でも恥ずかしすぎて、とてもではありませんがサヌちゃんの顔を直視することができそうにありません。
サヌちゃんの顔へと視線を向けようとしても、磁石の同じ極同士が反発するように、反射的に目を逸らしてしまうのです。
(どう……しよう……)
サヌちゃんがスルスルと鉛筆を走らせるので、次第に私は焦りを感じるようになりました。
このままではただ真っ白いだけの紙を相手に見せることになります。
相手が一生懸命描いてくれたのに、私は何もしない。恩を一方的に受けておいて、返すことができないクズに成り下がってしまいます。
ですがそうと分かっていてもなお、私の目は泳ぐばかりで、サヌちゃんを直視することができませんでした。
手が震えて、鉛筆を握る力が強くなります。私が焦っていると、
「ふむ……」
サヌちゃんが私の様子に気が付いて、一度道具をすべて地面に置きました。
それから椅子から立ち上がって私の目の前まで来て、私を見下ろしながら問いかけてきます。
「手が止まっていますが、何かありましたか?」
「えっ……と……」
言えません。あなたの顔が見られないだなんて。
お友達の関係性である以上、そんなことを言えば、一方的に突き放しているように捉えられてもおかしくはありません。

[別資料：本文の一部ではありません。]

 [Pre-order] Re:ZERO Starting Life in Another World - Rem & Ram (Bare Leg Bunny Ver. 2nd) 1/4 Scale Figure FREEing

何とか言い訳をして誤魔化さないと都合が悪いです。私はあわあわしながら、視線を右斜め下や左斜め下に動かして、嘘の理由をでっち上げようとします。
「あ、あのね……! 実は下手すぎてどこから描けば……」
その瞬間でした。
私の発言を遮るように、サヌちゃんは私の頬を両の手のひらでサンドイッチします。
「へぶっ……」
突然の行動に戸惑っていると、サヌちゃんはどんどん私に顔を近付けてきました。
私の視界をサヌちゃんの顔が少しずつ確実に占めていき、ついには鼻先が触れ合うほどにまで達します。
「あっ……えぇっ……?」
お互いの呼吸が聞こえるどころか、直に当たっていました。
目を逸らしたくても、サヌちゃんの顔が目の前にあるのでできません。おまけに、両手で挟まれている始末。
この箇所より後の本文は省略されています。